In 1916, Dr. Ellington came into possession of a 5000-year-old fragment of pottery covered with hieroglyphics. After years of research, Dr. Ellington managed to decipher a portion of the text, indicating the general location of a pyramid that was not known of. The deciphered text described a queen with great riches. Later, when Howard Carter discovered the tomb of King Tut, Rose Ellington, the daughter of the now-late Dr. Ellington, thought that someone had found the pyramid and stowed the papers and artifacts away.

Rose found them in the early 1980s after her mother's death and did some preliminary fact-checking. She found out that the pyramid indicated by her father's findings was nowhere near the tomb of King Tut, and that the area Dr. Ellington was investigating had no discovered pyramids.

Rose, not being financially proficient, set the expedition to be a modest one. This was the perfect opportunity for an opportunistic soldier-of-fortune to make a name for himself. However, the “Navigation Box”, a crude forerunner of a Global Positioning System, was irreparably damaged. A new one was ordered, but the delivery was delayed and the resources and the will of the local diggers was dwindling. The adventurer, desperate to control the situation, commanded the workers to dig aimlessly and even browbeat them to work on a holy day.

As the game begins, the player awakens to realize that he has been drugged by his men, who have stolen most of the equipment and abandoned the camp. All the food and water is gone, and the player has no idea how to get back to civilization. He may very well have been left to die in the barren desert.
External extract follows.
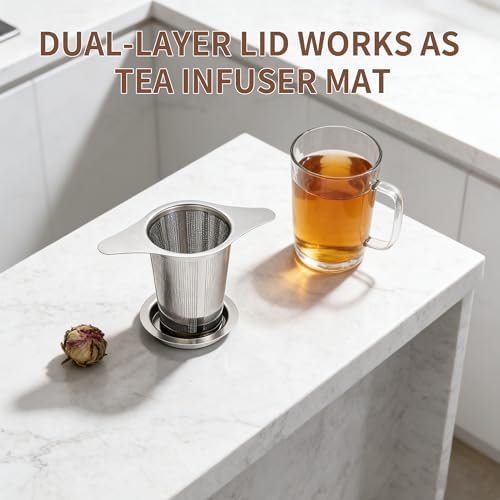 Tea infuser,Stainless Steel Tea Steeper and Strainer, Tea Strainers for Loose Tea - Reusable Durable Infuser for Brewing Tea and Coffee - Thumbnail 3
But the navigation box finally arrives, convincing him that everything will work out as long as he can find the pyramid. Once he does, of course, there is the small matter of the traps the Egyptians set to protect their treasures from plunderers like him.

==Release==
During Development, the game was initially called "Pyramid", though it was only through Infocoms ad agency that they asked for a new title, as "Pyramid" seemed rather uninspired. A Harvard University Egyptologist assisted in game design. One of the multiple endings was changed during playtesting because players thought that it rewarded an ethnic bias. There are 40 ways for the player to die.

Infidels packaging includes the following physical items:
1. An "Expedition Log" kept by the player's character in the weeks prior to the game beginning
2. An envelope containing a letter written to Rose Ellingsworth by the player's character
3. A rubbing and partial translation of Dr. Ellington's limestone fragment from 1920
4. A roughly sketched map of the excavation area

==Reception==
Softline called Infidel "diabolical... more death traps per square foot in the game than there are in Raiders of the Lost Ark". PC Magazine rated the game 12 points out of 12. It praised the sophisticated text parser, and described creator Michael Berlyn's prose as "exciting and fast-paced, with occasional bits of humor". InfoWorld's Essential Guide to Atari Computers recommended the game as among the best adventures for the Atari 8-bit. Scorpia, normally a fan of Infocom games, so disliked Infidel that she never mentioned it in Computer Gaming World. She denounced the game during an online discussion with Berlyn, however: "I did not like the premise of the story. I did not like the main character. I did not like the ending. I felt it was a poor choice to have a character like that in an Infocom game, since after all, regardless of the main character in the story, *I* am the only one who is really playing the game, really solving the puzzles".